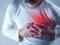 Кардиолог назвал ранние симптомы инфаркта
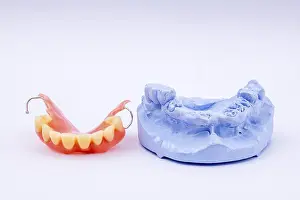 Dentist Treatment Prints: Removable denture of an upper jaw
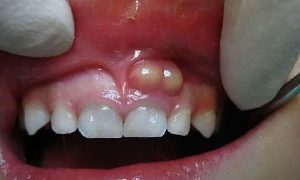 mu trang o loi phia duoi chan rang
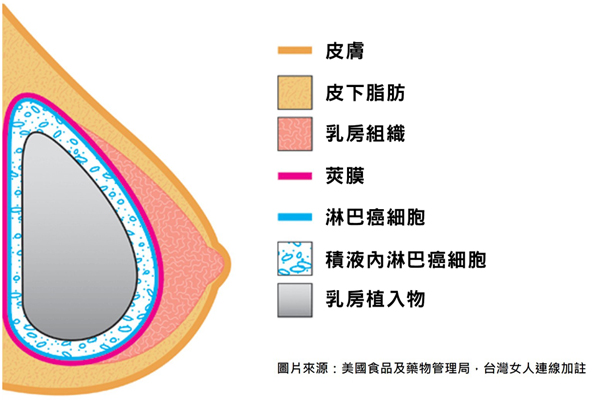 乳房植入物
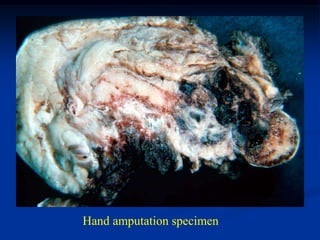 Hand amputation specimen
◆ ◆ ◆ ◆ ◆
Task directions
Could you write out the records again exactly, omitting each image?

Response below
 Кардиолог назвал ранние симптомы инфаркта
 Dentist Treatment Prints: Removable denture of an upper jaw
 mu trang o loi phia duoi chan rang
 乳房植入物
 Hand amputation specimen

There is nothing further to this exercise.